I received this galley in consideration for an honest review.Young Widows Club by Alexandra Coutts
Published by Macmillan on November 10, 2015
Genres: Young Adult
For seventeen-year-old Tam, running off to marry her musician boyfriend is the ideal escape from her claustrophobic high-school life on the island, and the ultimate rebellion against her father and stepmother. But when Tam becomes a widow just weeks later, the shell-shocked teen is forced to find her way forward by going back to the life she thought she’d moved beyond—even as her struggle to deal with her grief is forcing her to reinvent herself and reach out to others in ways she never imagined
What I first realized about Tam was that she was feeling lost, even before her marriage and subsequent widowhood. Her life was defined by being Noah’s girlfriend, then wife, and helping to advance his band’s career, which did seem to be moving forward. Along the way, though, it seemed like she lost herself a little bit in the process. What I think she found after Noah’s death was that trying to recreate that sense of belonging with the same goals and same friends didn’t quite fit her life, anymore. She experienced that uncomfortable feeling of being left behind as everyone moved on. The grief support group she attends, which was one of my favorite parts of this story, brought an unusual romance into her life. There is a pretty big age difference between Tam and this guy, but I will say that the relationship did not feel exploitative in any way. Tam’s family, who were understandably worried about her, was flawed and loving, and since her father had also lost a spouse, Tam and her dad had an especially interesting and sometimes heavy road to travel.

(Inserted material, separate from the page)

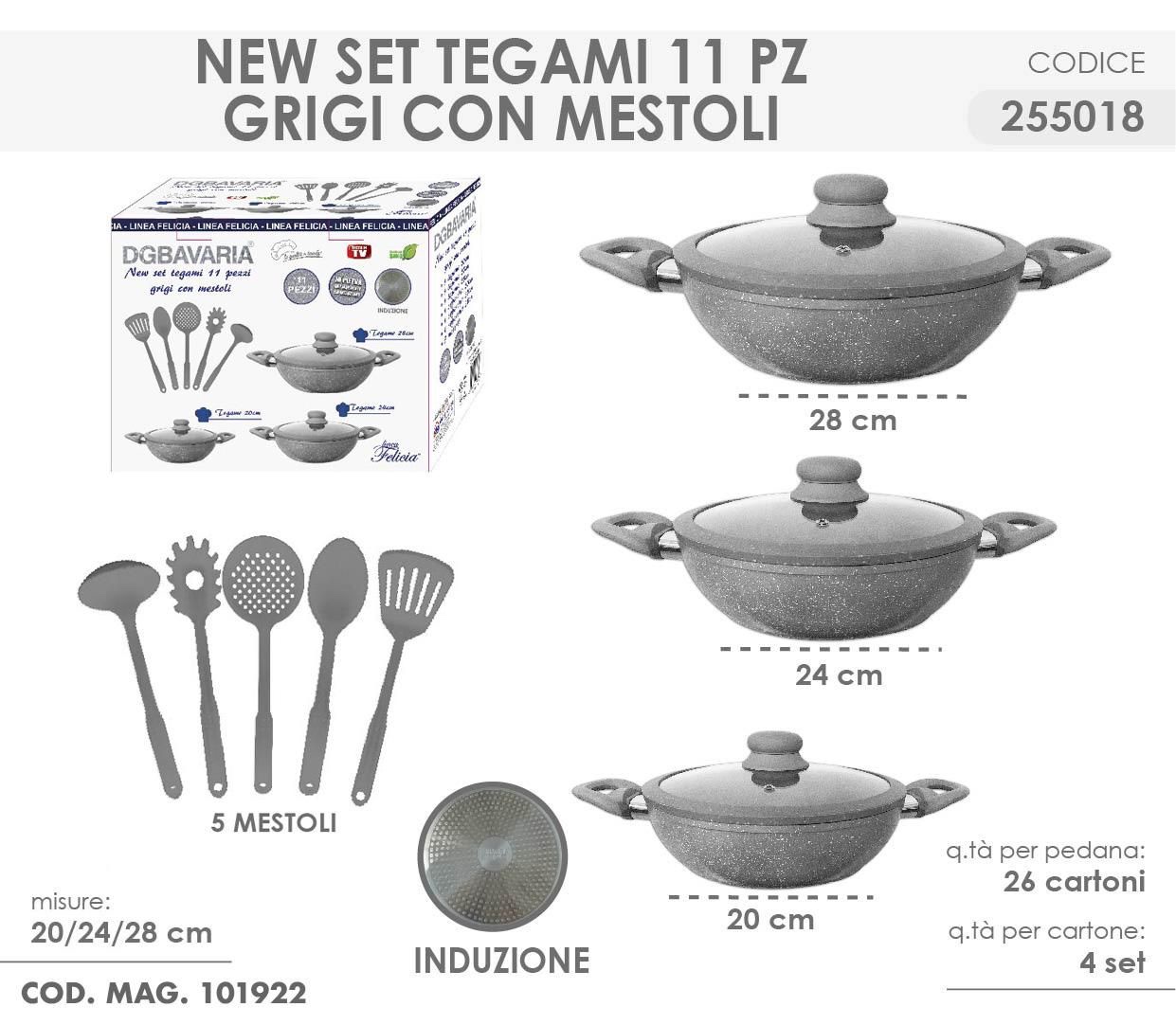 Tegami  a Induzione Grigi con Mestoli in silicone Set da 11 pezzi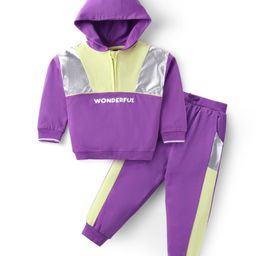 Babyhug Terry Knit Full Sleeves Hooded Sweatshirt & Lounge Pant Set With Cut & Sew Design - Lilac-image-7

I think some people will find this story challenging. Perhaps some if it is that we often have an idea of how a grieving person should behave, and if they don’t fit that, it bothers us. That very idea seems to be the point that this story shows the reader over and over again. There isn’t a literal “young widows club”, but I think it speaks to the shared status that Tam now has, and always will have. Honestly, I really liked this book. It was different, and honest and, as I said above, challenged the way We (the collective) view grieving, the idea of soulmates, and how to move on with your life. It was a quiet book, but one that was well worth my reading time.